/---
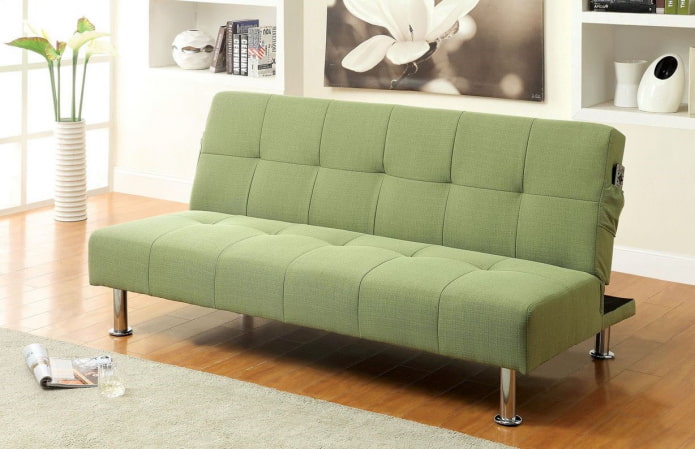 zielona rozkładana sofa we wnętrzu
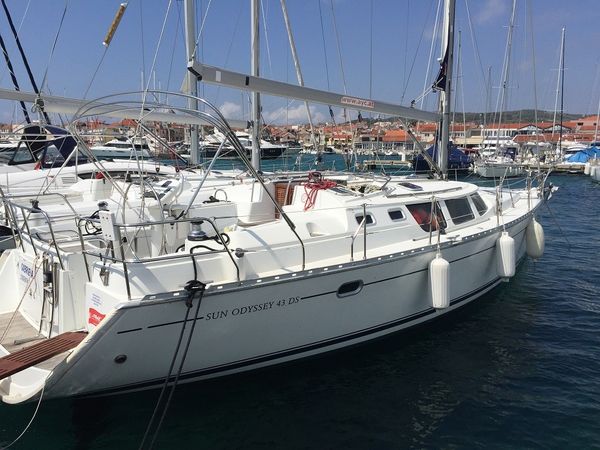 Jeanneau Sun Odyssey 43 | Gabriela 2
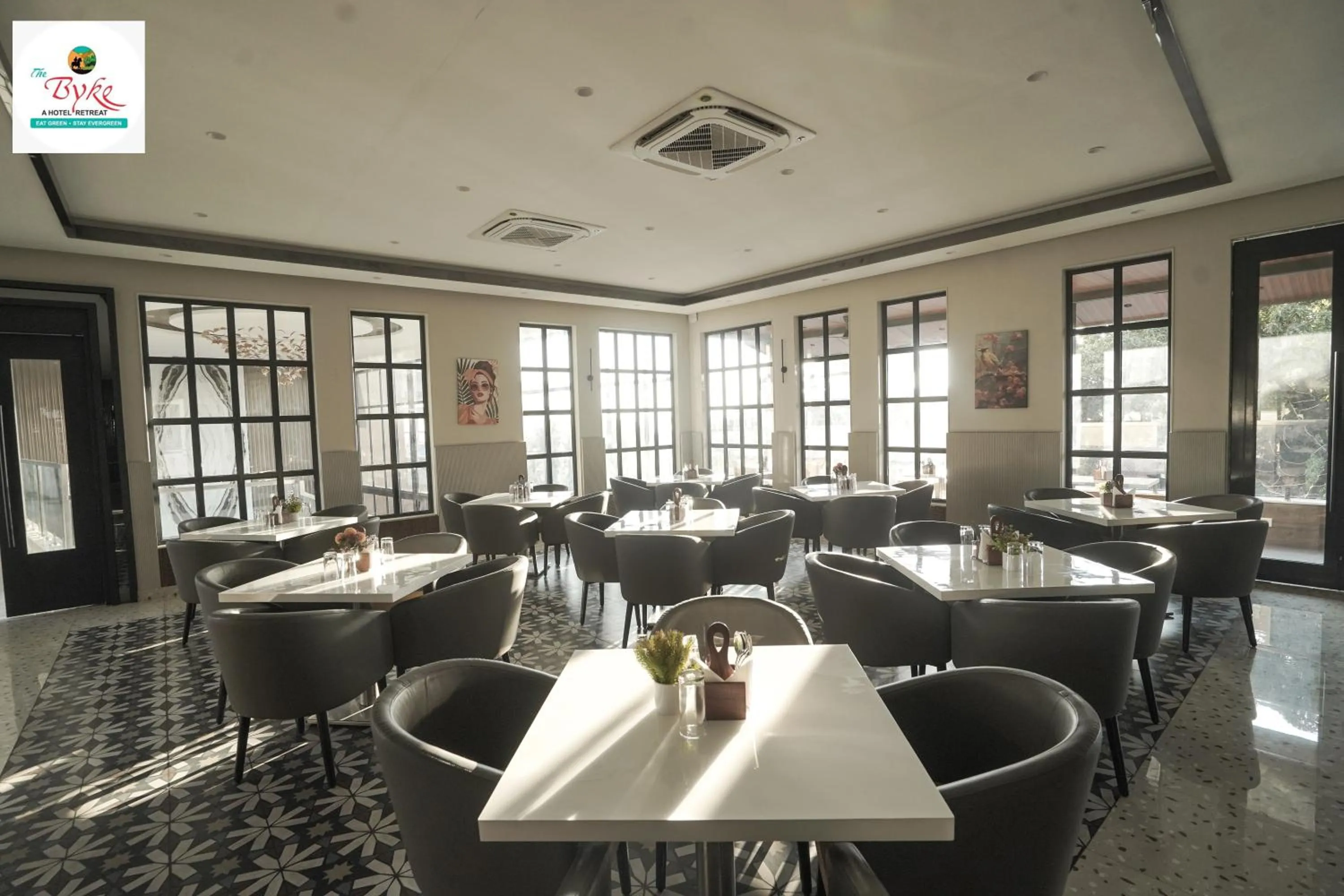 Restaurant/places to eat in The Byke Shanti Villa - Mahableshwar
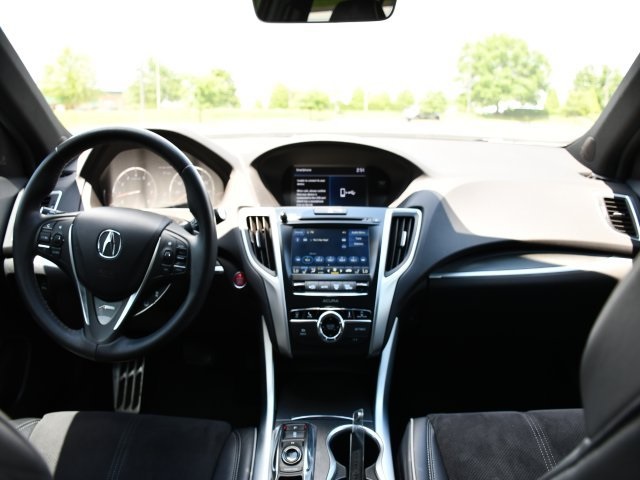 Vehicle image 25 of 36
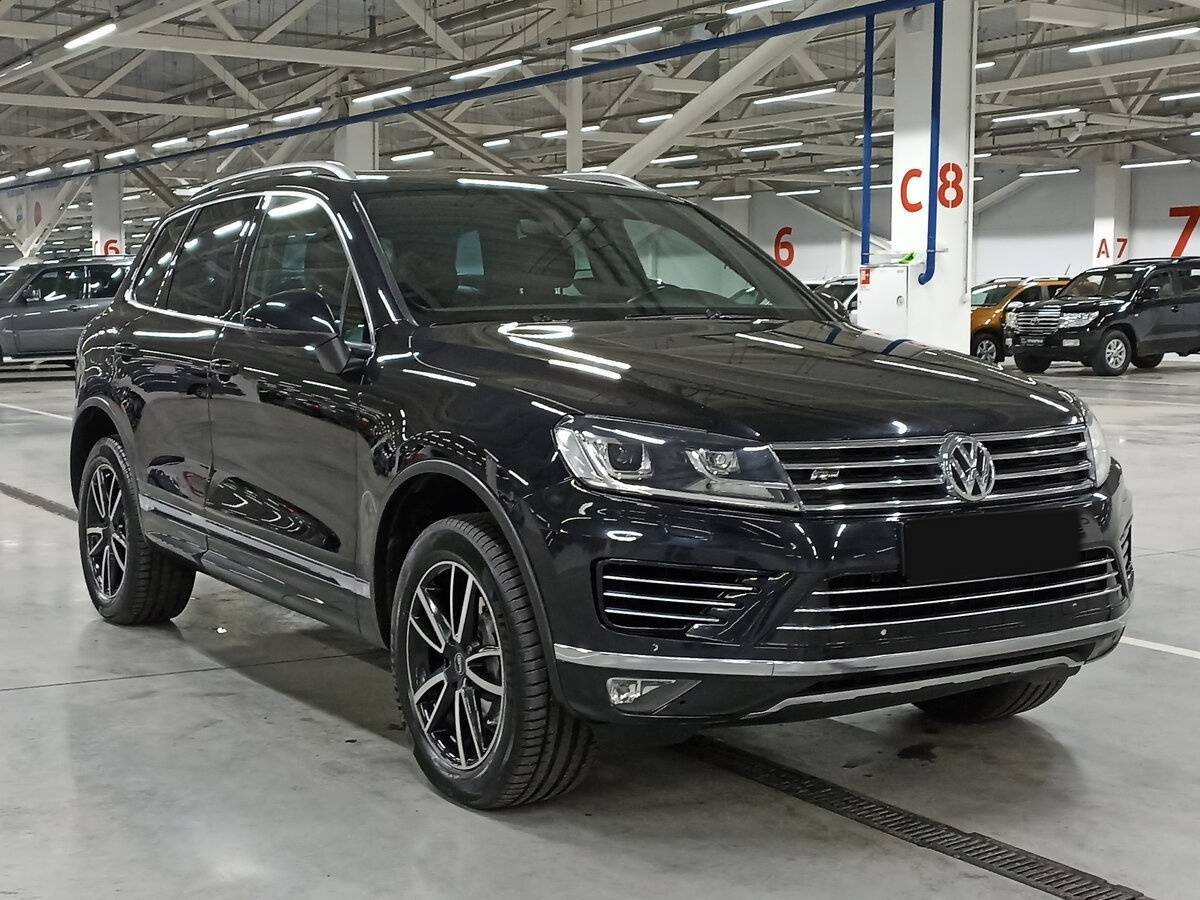 Volkswagen Touareg с пробегом — 2016 год. Фото: #2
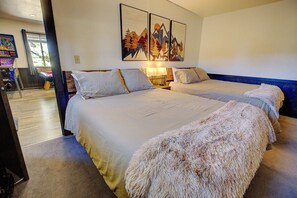 Cabin, Multiple Beds, Patio, Mountain View (2501) | 6 bedrooms, individually decorated, individually furnished, bed sheets - THE Ranch House #2501 (Big Bear City)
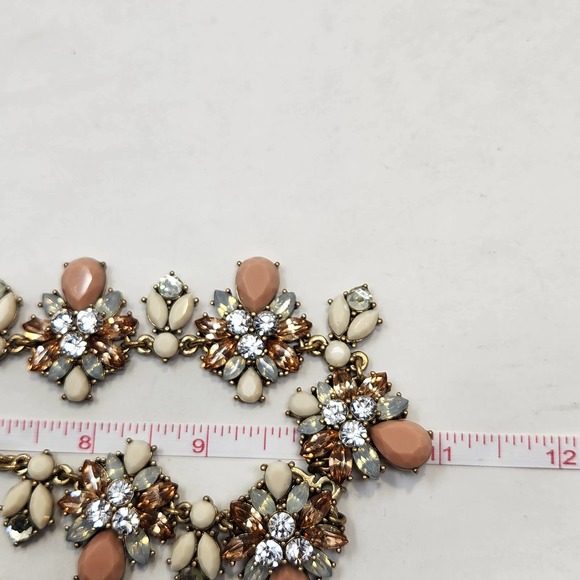 Rhinestone Cluster Statement Gold Tone Chain Necklace Peach Clear Cream Jewelry - Picture 5 of 5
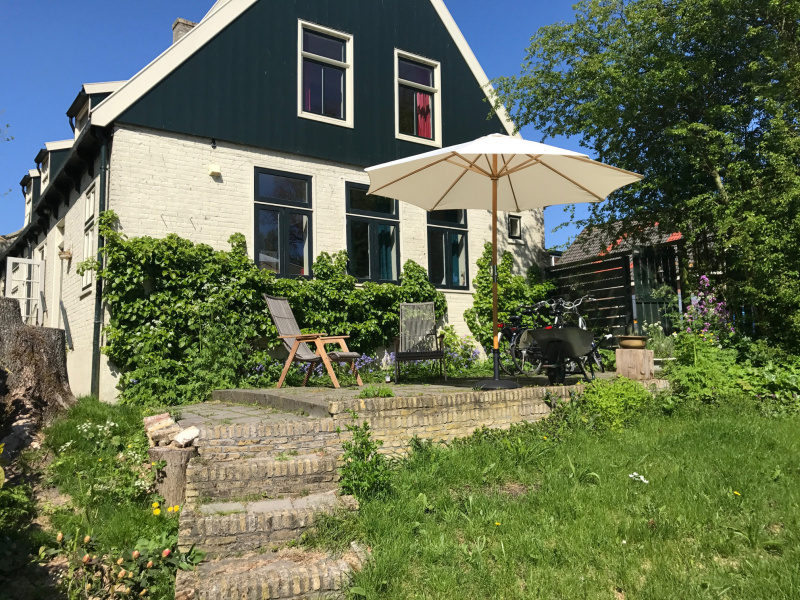B&B Pastorie De Waal - Tweepersoons kamer douche/toilet – afbeelding 2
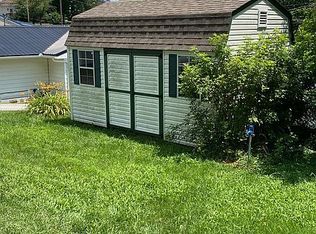 206 Elizaville Ave, Flemingsburg, KY 41041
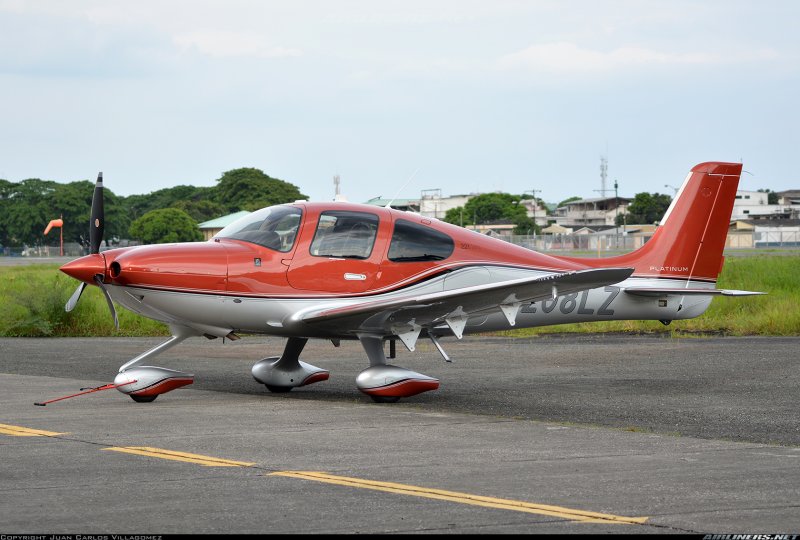Cirrus sr22 g6 GTS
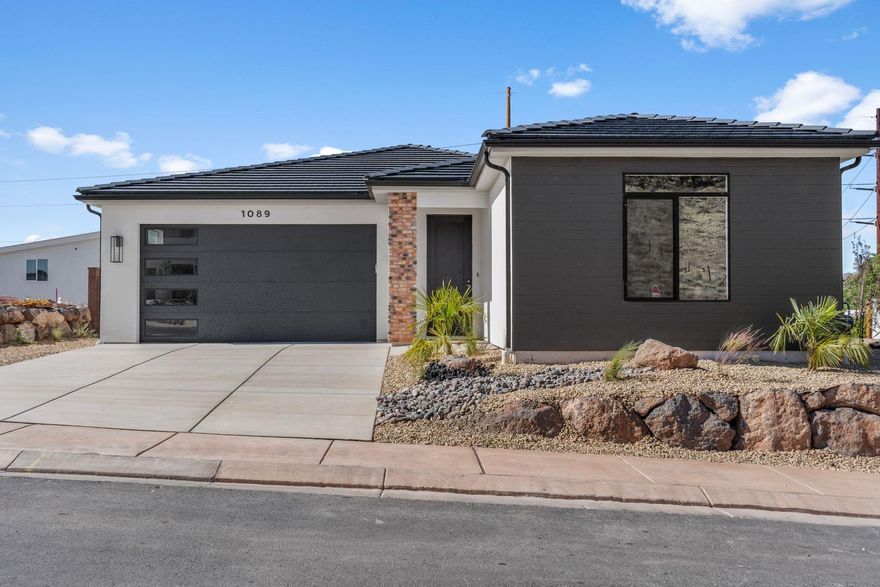 This home is READY for it's first owner!

Located in the sought-after Desert Ridge Estates, this 3-bedroom, 2-bathroom home is PERFECT for you! Single level living at it's finest!

$10,000 Closing Cost Credit - Use it to buy down your interest rate, reduce closing costs or reduce the price even MORE!

Self tour this home at your convenience with the Nter Now App!

We LOVE buyer agents.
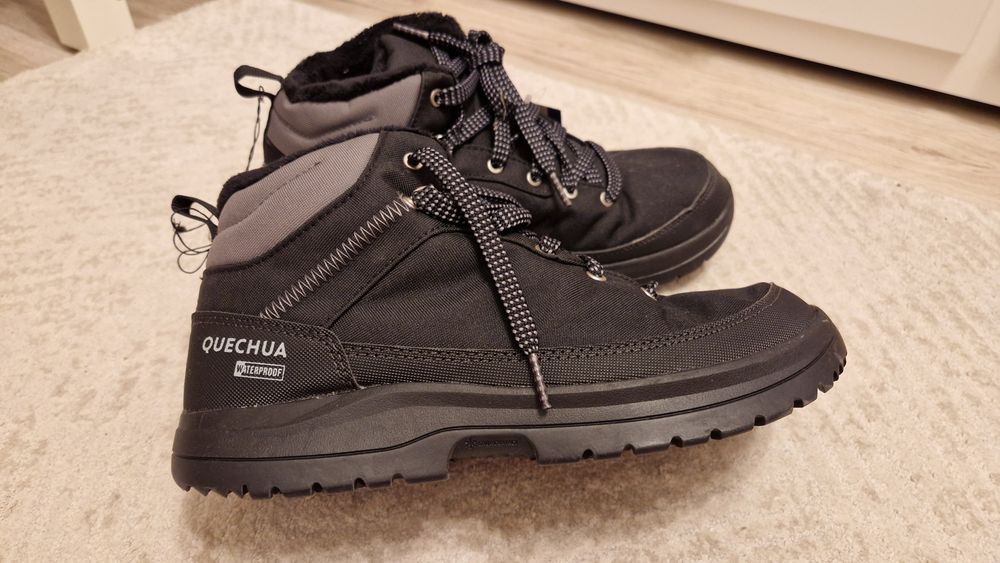 Încălțări/ ghete waterproof NOI, marime 41, negre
\---
_Exercise brief_. Omitting all pictures, retype exactly the lines from the line containing "Jeanneau Sun Odyssey 43 | Gabriela 2" down to the last line above, both ends included.

_Written answer_.
 Jeanneau Sun Odyssey 43 | Gabriela 2
 Restaurant/places to eat in The Byke Shanti Villa - Mahableshwar
 Vehicle image 25 of 36
 Volkswagen Touareg с пробегом — 2016 год. Фото: #2
 Cabin, Multiple Beds, Patio, Mountain View (2501) | 6 bedrooms, individually decorated, individually furnished, bed sheets - THE Ranch House #2501 (Big Bear City)
 Rhinestone Cluster Statement Gold Tone Chain Necklace Peach Clear Cream Jewelry - Picture 5 of 5
B&B Pastorie De Waal - Tweepersoons kamer douche/toilet – afbeelding 2
 206 Elizaville Ave, Flemingsburg, KY 41041
Cirrus sr22 g6 GTS
 This home is READY for it's first owner!

Located in the sought-after Desert Ridge Estates, this 3-bedroom, 2-bathroom home is PERFECT for you! Single level living at it's finest!

$10,000 Closing Cost Credit - Use it to buy down your interest rate, reduce closing costs or reduce the price even MORE!

Self tour this home at your convenience with the Nter Now App!

We LOVE buyer agents.
 Încălțări/ ghete waterproof NOI, marime 41, negre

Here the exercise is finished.